PricewaterhouseCoopers (PwC), one of the world’s “Big Four” accounting and professional services firms, has predicted that institutional investors will be the main drivers of digital currency adoption in the next 12 months.

More Institutional Players Will Enter The Crypto Space In 2019

During an interview featured on Australia’s Bloomberg Television, Henri Arslanian, the “fintech and crypto leader” at PwC Asia, revealed that he thinks there’s a big year ahead for cryptocurrencies. Arslanian, a former director at UBS investment bank’s prime brokerage capital consulting services, remarked:

I think there is a lot of exciting things that the crypto ecosystem is looking forward [to] in 2019. One of them, I think, is really the entry of institutional players.

Reflecting on the business activity in the crypto space during this past year, Arslanian noted: 

I think in 2018 we saw a lot of the big banks enter the space and in 2019 I expect many more to enter the space as well, in different ways. Some of them may decide to launch their own solutions, like Fidelity did here in the US by setting up a new company.

The Columbia University and London Business School graduate added: “Others may try to partner with some of the other crypto firms… And others may try to invest in crypto companies a bit like Goldman did with BitGo and Circle.” According to Arslanian, partnerships between blockchain and crypto-related companies and traditional institutions are “very good” because they “will bring the [appropriate and required] kind of level of institutional expertise” to the crypto space.

We Can Expect More “Regularity Clarity”

Similar to how many other crypto market analysts have observed, Arslanian told Bloomberg’s DayBreak program: 

I think a lot of elements are changing at a global level, one of them is the regulatory clarity … If you look at 2018, a number of jurisdictions provided more regulatory clarity than we had before.

He also believes that other countries, which have not yet formulated comprehensive regulatory guidelines for cryptocurrencies such as France, “will be pushing ahead with some legislation on ICOs.” Arslanian further noted: “in the US, with all the news going on right now, [there are] some bipartisan initiatives [underway] to try to make the US more competitive when it comes to” regulating cryptoassets.
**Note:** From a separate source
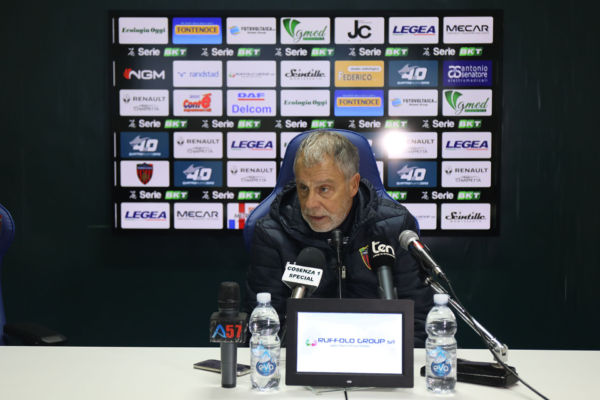 Mister Braglia: “Sfruttiamo il fattore campo e alziamo il passo”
Crypto Is Much “Better Off” Without The “Hype”

Interestingly, Arslanian believes the crypto industry will be much better off without all the hype we saw in late 2017 when digital currency prices reached their all-time highs. He remarked: 

In other industries there’s booms and busts, I think some of the positive news of the crypto fall was it actually cleared a lot of noise in the crypto sector.

Going on to draw comparisons between the Dotcom bubble and the emergence of cryptoassets, Arslanian said: 

Like in the dot com boom, you’ll have some companies that’ll survive this boom and those may change their role in ways we can’t even imagine today, but in the short term there’s definitely a lot of crypto companies that are hurt.

Expressing views somewhat similar to those shared recently by Arthur Hayes, the CEO of BitMEX, the world’s largest crypto derivatives trading platform, Arslanian predicted that stablecoins and security tokens will play a key role in the crypto industry.

According to Arslanian: 

Stablecoins [allow] crypto traders to stay in the crypto space but with an asset that is definitely less volatile. [Stablecoins] can [also] be used on a day-to-day basis [by] people who want to use crypto without the volatility that we’ve seen in recent months. … [Meanwhile], security tokens … are backed by real-life assets, for example, real estate. [These] … bring liquidity [to the crypto] space, [which is usually not there] for larger real estate projects. [Security tokens] also allow us to streamline a lot of the corporate action and dividends and that is actually very exciting.